When scanning many independent texts, you can run calls to detect() concurrently from your own executor. Configure the detector before starting workers, then treat it as read-only while scans are running; do not call add_pattern(), add_recognizer(), or add_ner_model() concurrently with detection.

from concurrent.futures import ThreadPoolExecutor

from vipii import PIIDetector

texts = [
    "Khách hàng A có số điện thoại 0912 345 678.",
    "Khách hàng B có CCCD 001203000123.",
]
detector = PIIDetector(max_workers=1)

with ThreadPoolExecutor(max_workers=4) as executor:
    results = list(executor.map(detector.detect, texts))

PySpark

The Spark adapter is optional and keeps PySpark imports lazy. It can add detected matches or redacted text to a DataFrame text column:

from vipii.spark import with_pii_matches, with_redacted_column

df = spark.createDataFrame(
    [("Số CCCD của tôi là 001203000123",)],
    ["text"],
)

matches_df = with_pii_matches(df, input_col="text", output_col="pii_matches")
redacted_df = with_redacted_column(df, input_col="text", output_col="redacted")

Optional NER

Regex recognizers cover structured PII. For free-form names, locations, organizations, and addresses, enable an external Hugging Face token-classification model:

pip install "vipii[ner]"
vipii scan "Nguyễn Văn A sống tại Hà Nội" --ner-model your-vietnamese-ner-model
from vipii import PIIDetector

detector = PIIDetector(ner_model="your-vietnamese-ner-model")
matches = detector.detect("Nguyễn Văn A sống tại Hà Nội")
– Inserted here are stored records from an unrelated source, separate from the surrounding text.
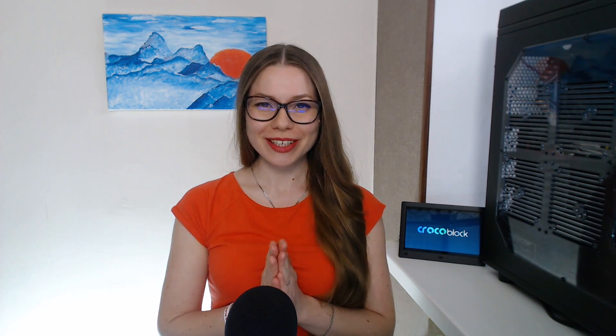Hello everyone, Kate from Crocoblockers here, and welcome to this new video. Guys, I've got some really good news for you. No, the quarantine is not over yet, well, at least for us.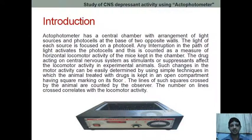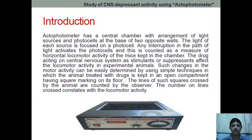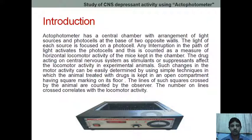This is the actophotometer through which we are evaluating CNS depressant activity. Next, we are going to see how we perform the practical using this instrument. I hope you have understood the principle involved in this particular experiment.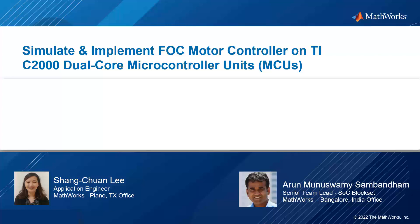Hello, everyone. My name is Shang-Chan Li. I'm an application engineer based in Plano, Texas office. With me, Arun is a senior team lead from Development focused on the SLC block set.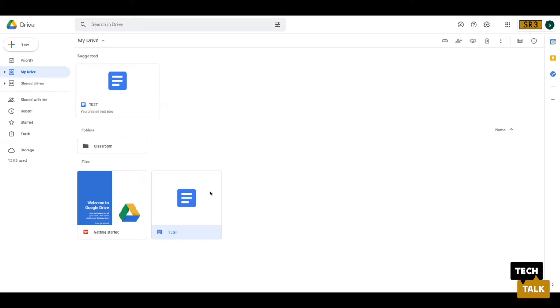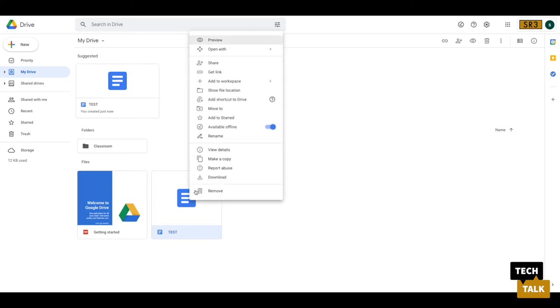You'll now be able to click on any doc files, slide sheets, anything Google-related. Just right-click that, and you'll be able to select Available Offline.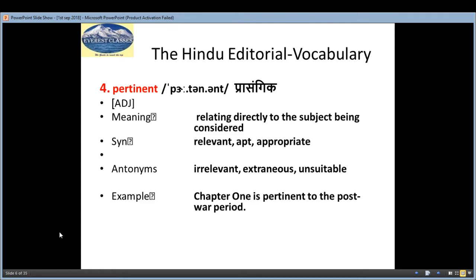The third one is 'tenaciously', which means 'dratatapurvak'. The fourth one, 'pertinent', means 'prashangik' — an adjective — and the meaning is relating directly to the subject being considered; these directly relate to the subject under consideration.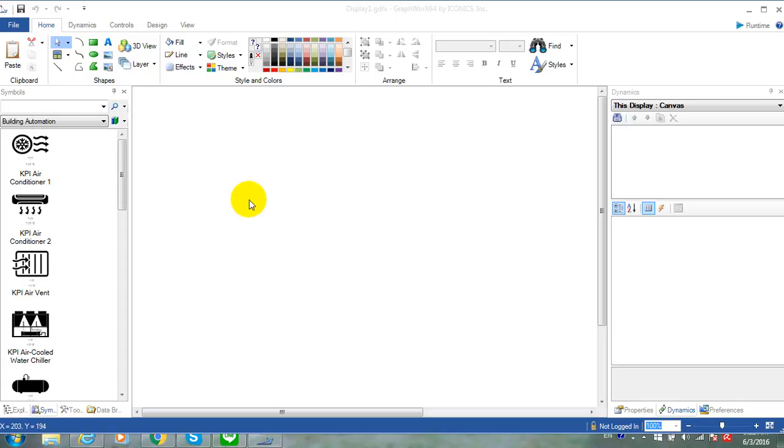Hello, I'm Suti Kung from EDA International, Thailand. Today I'm going to show you how to create your own symbol for KPI Works.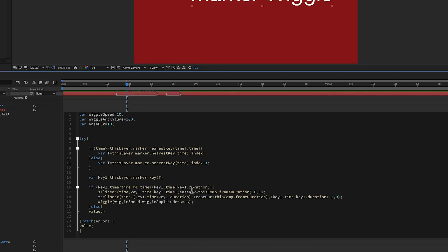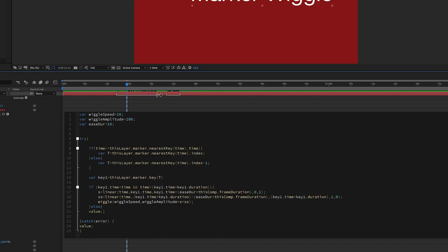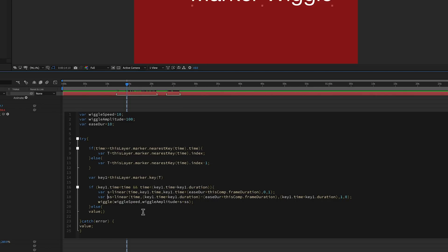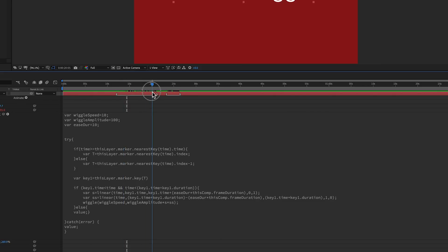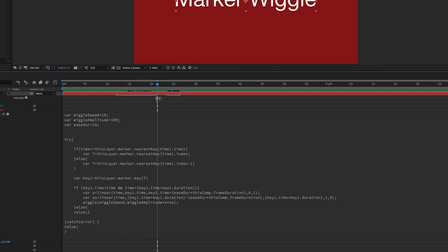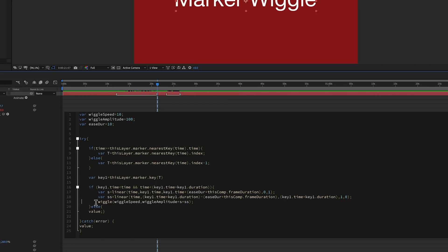And so what that's saying is if this current time indicator is in between the beginning and the end of the duration, if those two things happen, then let's do all of this stuff. And so what I have here is two more variables. And this is to help with the ease. And so I've got this ease duration of 10 frames. And so what that means is it takes 10 frames to go from 0 up to full. And then at the end, 10 frames go from full down back to 0.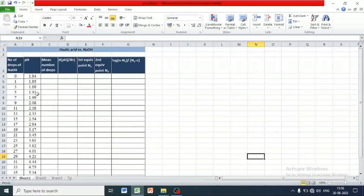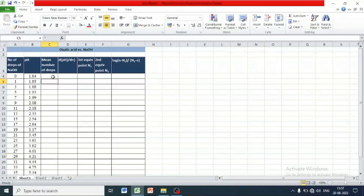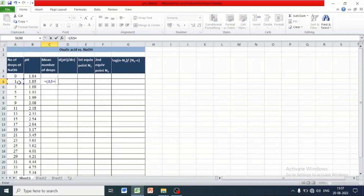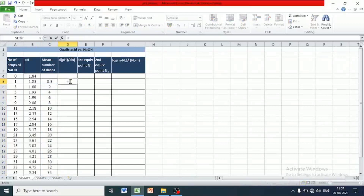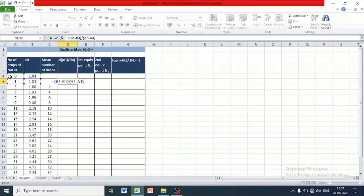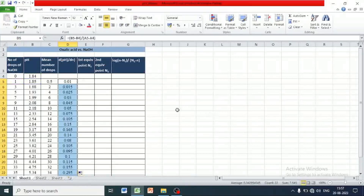Now let us plot the data. You can see the number of drops of NaOH data and corresponding pH values. First, we have to calculate the mean number of drops. By double-clicking at the right bottom corner, we get all the values. Similarly, dpH/dn values can be calculated. Once again, by double-clicking at the right bottom corner, you can get all the values.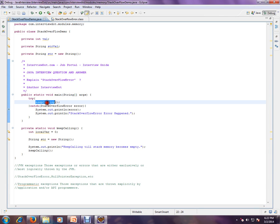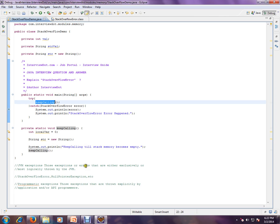For demo purpose, I'm having a method here and I'm keeping on calling it recursively so that I can simulate the stack overflow error. JVM exceptions are those exceptions or errors that are either exclusively or most logically thrown by the JVM.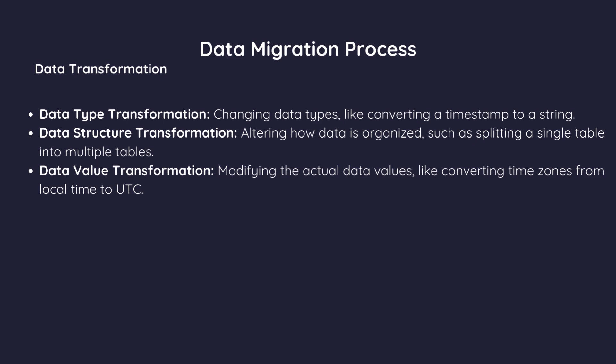Changing data types, like converting a timestamp to a string. Data structure transformation. Altering how data is organized, such as splitting a single table into multiple tables. Data value transformation. Modifying the actual data values, like converting time zones from local time to UTC.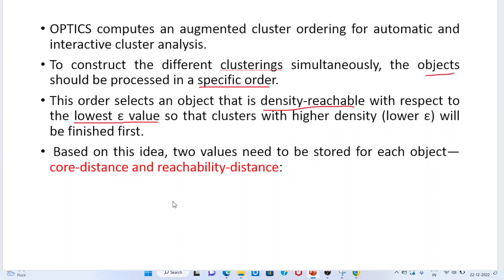Clusters with higher density will be finished first. Based upon this idea, two values need to be stored for each and every object. These two parameters in the OPTICS algorithm are: one is the core distance, and another one is the reachability distance.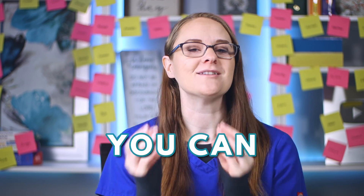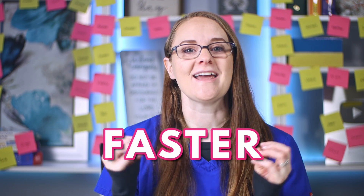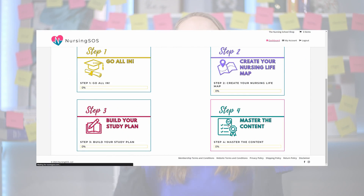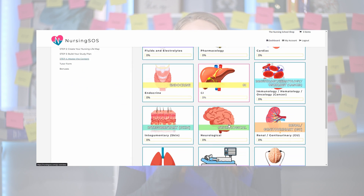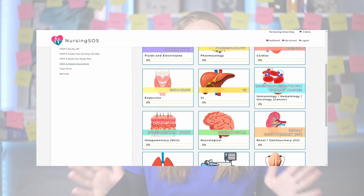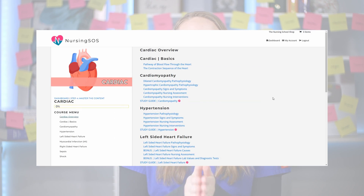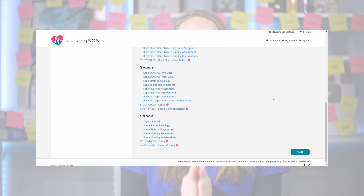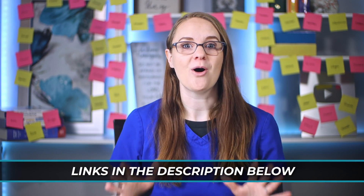These tough concepts are broken down into simple step-by-step processes, which is exactly how we teach inside the Nursing SOS membership community so that you can learn things faster and easier. Now let's start with osteoarthritis pathophysiology.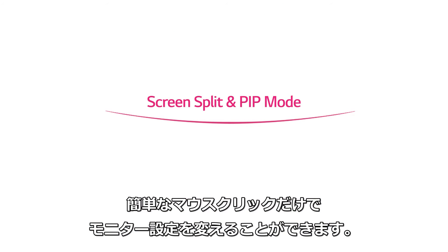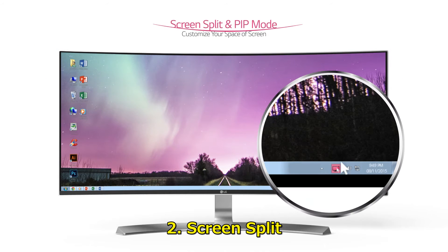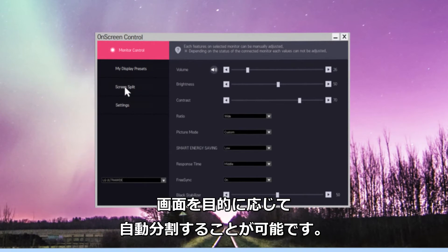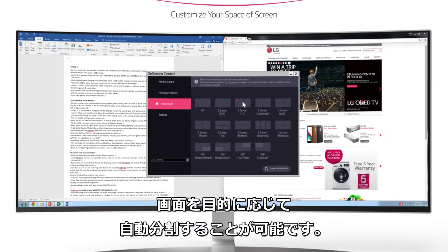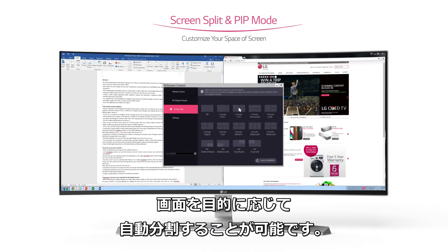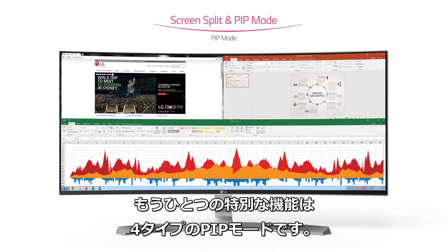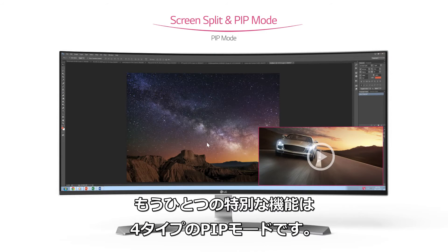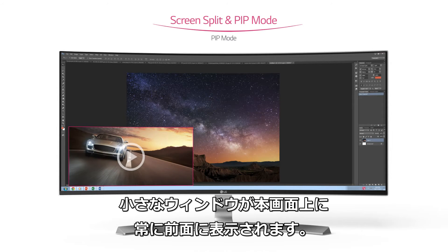Screen split and PIP mode. By screen split, you can customize your screen space in a variety of configurations for different tasks. And there is a special feature, PIP mode, including four types — one small screen pops up over the other big screen.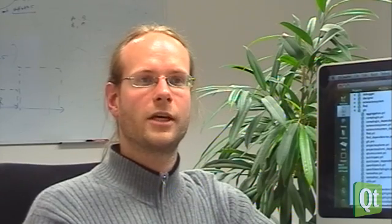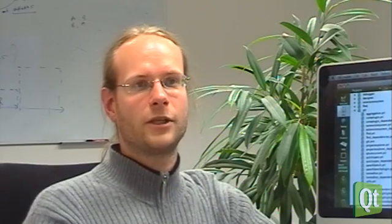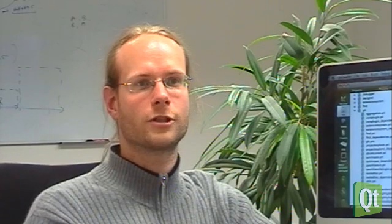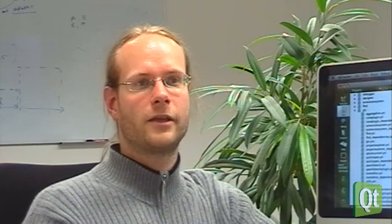When you start Qt Creator, the first thing you get is a welcome page which allows you to open recent projects and restore the last session. There is also a friendly button called Getting Started that brings you to the integrated help system, the getting started documents, tutorials, and these kinds of things.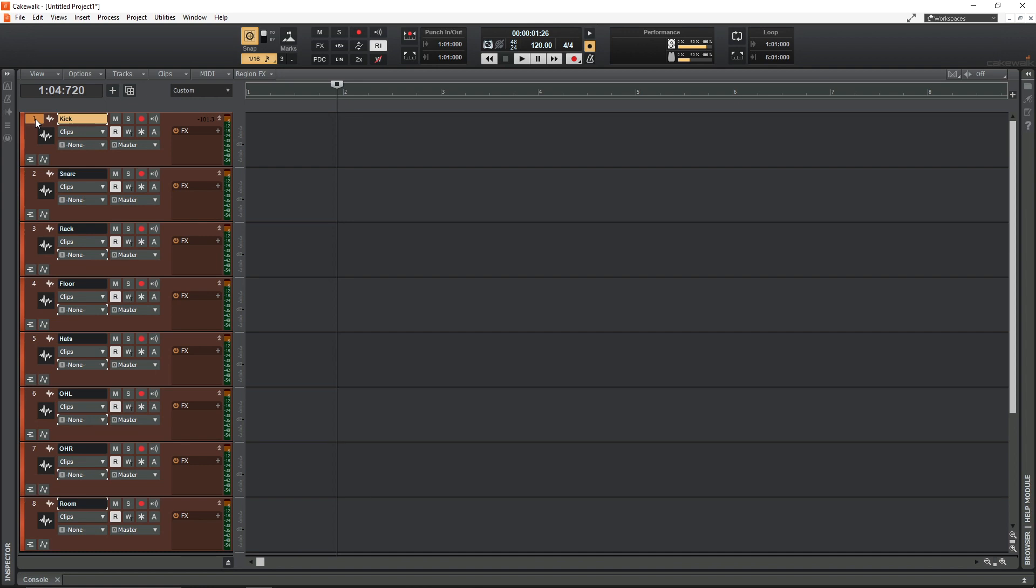After that, if your snare mic is connected to interface input 2, make sure the snare track is track 2. So on and so forth. Just match the order of your inputs to the order of the tracks in Cakewalk.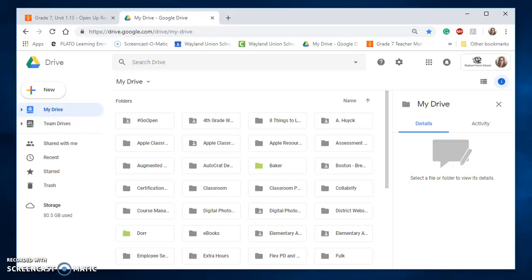In today's Take Two for Tech, I'd like to show you a setting in your Google Drive that you may want to consider.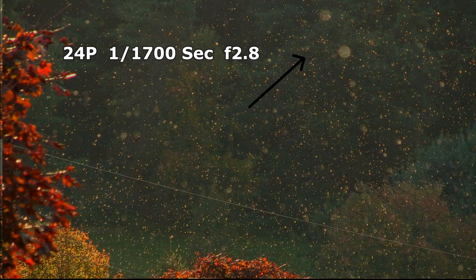It looks like we have the same effect here. The shutter is at 1/700th of a second and an f2.8. So bugs are a little more out of focus the closer they are. Bugs might be a little sharper in the distance because the very high shutter speed reduces the amount of movement during the capture of the frame.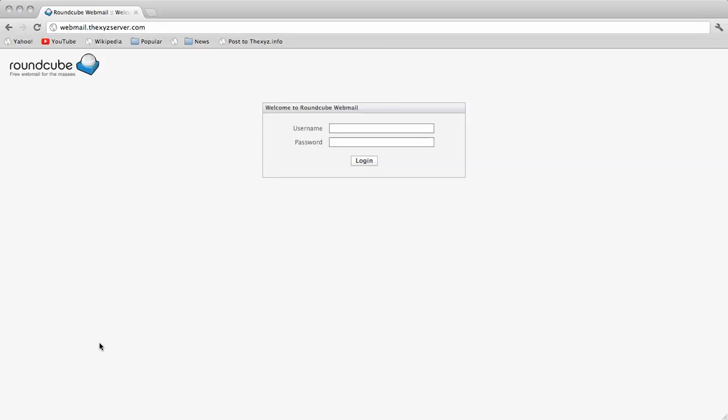Hello and welcome to the tutorial. I'm going to be showing you how to set up a signature in the Roundcube Webmail platform at the XYZ server.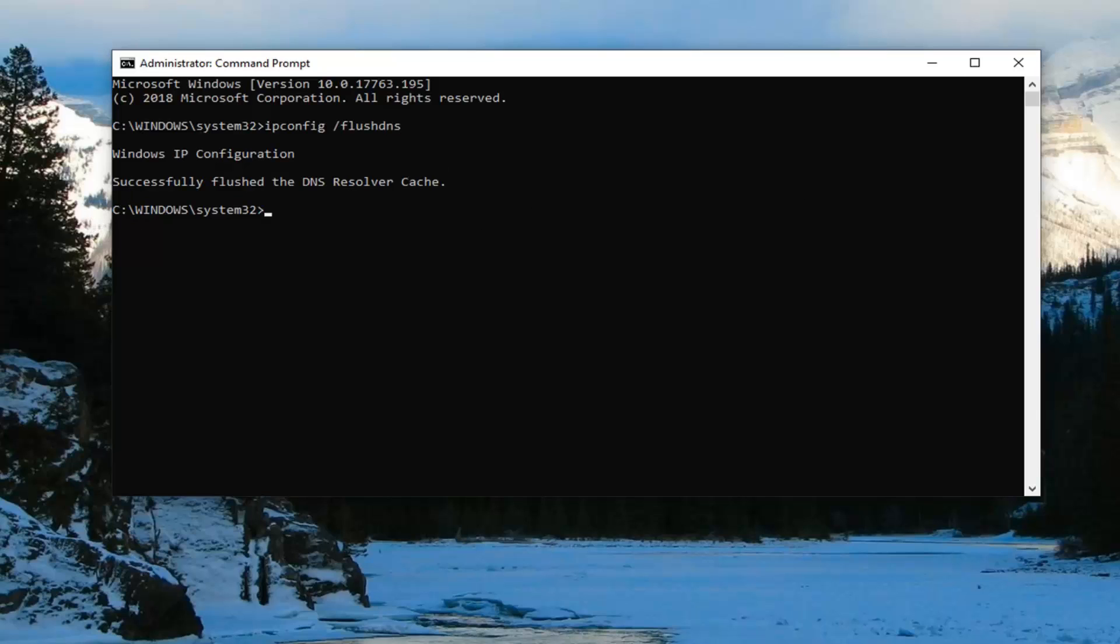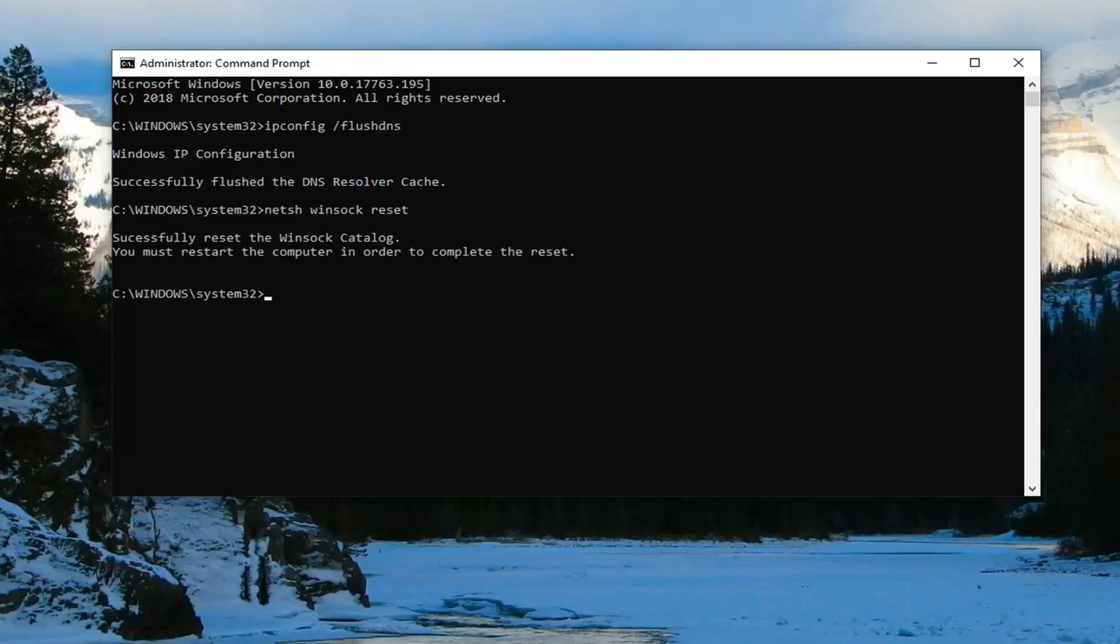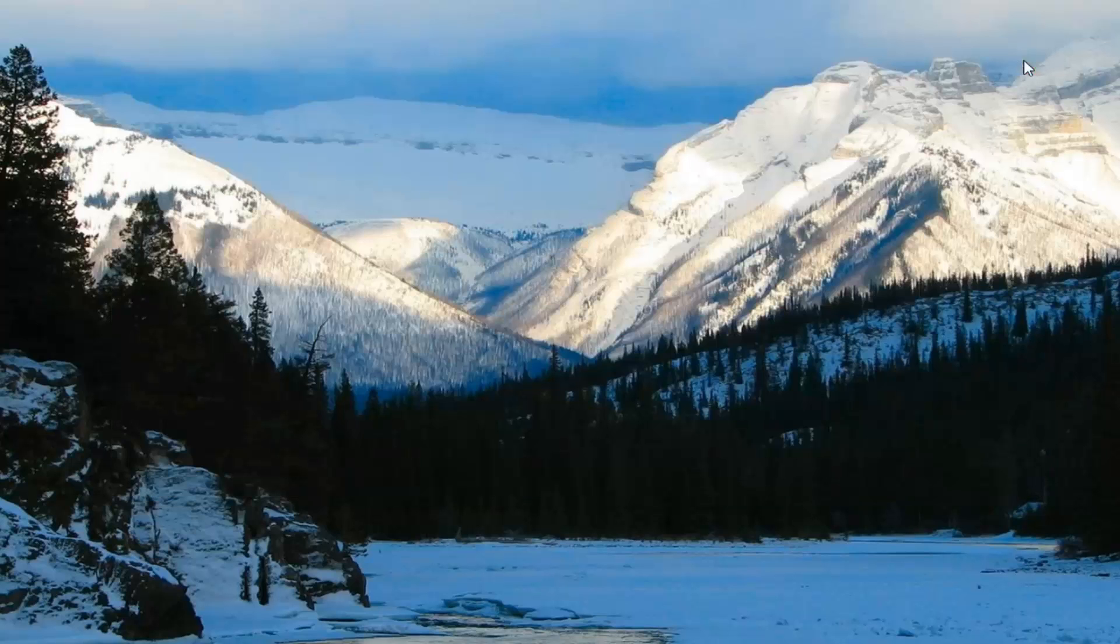Next command you want to type in here will be NETSH space Winsock space reset. So, again NETSH space Winsock space reset. Hit enter on your keyboard here, should say you must restart the computer in order to complete the reset. If you're just restarting your computer and hopefully that's resolved the issue.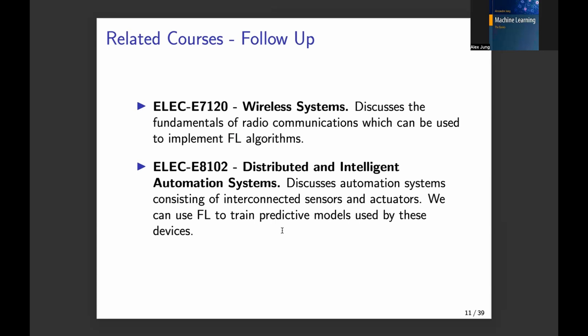I also found another very interesting follow-up course at Aalto on distributed intelligent automation systems. The Internet of Things is a very important application domain for federated learning, enabling training of predictive models for different needs.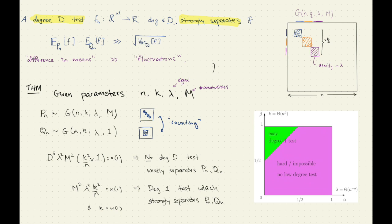Whenever that count is concentrated enough, you can test. Otherwise, we can show hardness. The actual formal problem: you're given a matrix and you know you'll be given one of two samples — one will have M communities and one will have one community — and it's a testing problem.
The NER layer maps model labels such as PER, LOC, and ORG to PERSON, LOCATION, and ORGANIZATION. The model is not bundled; choose and evaluate one for your domain before production use.

To reduce model inference cost, choose an NER strategy:

  • always: run pattern recognizers and NER on the full text.
  • fallback: run NER only when pattern recognizers find no structured PII.
  • uncovered: run pattern recognizers first, then run NER only on text outside detected spans.
  • chunked: split text into chunks, redact structured PII spans, then run NER on useful chunks.
  • never: skip NER even if a model is configured.
vipii scan "Số điện thoại 0912345678" --ner-model your-vietnamese-ner-model --ner-strategy fallback
vipii scan "Số điện thoại 0912345678 của Nguyễn Văn A" --ner-model your-vietnamese-ner-model --ner-strategy uncovered
vipii scan "Số điện thoại 0912345678 của Nguyễn Văn A" --ner-model your-vietnamese-ner-model --ner-strategy chunked
detector = PIIDetector(ner_model="your-vietnamese-ner-model", ner_strategy="fallback")
detector = PIIDetector(ner_model="your-vietnamese-ner-model", ner_strategy="uncovered")
detector = PIIDetector(ner_model="your-vietnamese-ner-model", ner_strategy="chunked")

CLI

vipii scan "Số điện thoại 0912 345 678 và CCCD 001203000123"
vipii scan examples/customer_service.txt
vipii scan examples/customer_service.txt --format json
vipii scan examples/customer_service.txt --redact
vipii scan "CCCD 001203000123" --redact
vipii scan "Mã khách hàng KH-123456" --config examples/custom_recognizers.yml
vipii scan "Nguyễn Văn A sống tại Hà Nội" --ner-model your-vietnamese-ner-model
vipii scan "Số điện thoại 0912345678" --ner-model your-vietnamese-ner-model --ner-strategy fallback
vipii scan "Số điện thoại 0912345678 của Nguyễn Văn A" --ner-model your-vietnamese-ner-model --ner-strategy uncovered
vipii scan "Số điện thoại 0912345678 của Nguyễn Văn A" --ner-model your-vietnamese-ner-model --ner-strategy chunked

YAML recognizer config

Built-in recognizers are loaded from src/vipii/builtin_recognizers.yml. You can append your own recognizers from a YAML file without writing Python:

recognizers:
  - name: customer_id
    label: CUSTOMER_ID
    patterns:
      - regex: '\bKH-\d{6}\b'
        context_words: ["mã khách hàng", "customer id"]
        base_score: 0.6

Use validator only when you want one of vipii's built-in validators: cccd, cmnd, phone, email_address, date_of_birth, tax_code, bank_card, bank_account, social_insurance, health_insurance, passport, vehicle_plate, driver_license, ip_address, or device_id.

Built-in recognizers

  • CCCD and CMND
  • PHONE_NUMBER
  • EMAIL_ADDRESS
  • DATE_OF_BIRTH
  • MST
  • SOCIAL_INSURANCE_NUMBER
  • HEALTH_INSURANCE_NUMBER
  • BANK_CARD
  • BANK_ACCOUNT
  • PASSPORT
  • VEHICLE_PLATE
  • DRIVER_LICENSE
  • IP_ADDRESS
  • DEVICE_ID

The recognizers intentionally favor clear structured PII plus nearby Vietnamese context words such as số điện thoại, cccd, mã số thuế, and biển số xe. Names and free-form addresses can be handled by the optional NER layer.

Development

pip install -e ".[dev]"
ruff check .
ruff format --check .
pytest

Publishing

Publishing is handled manually from GitHub Actions. On the release branch, run the Publish workflow with Run workflow and enter the version to publish, for example 0.1.3.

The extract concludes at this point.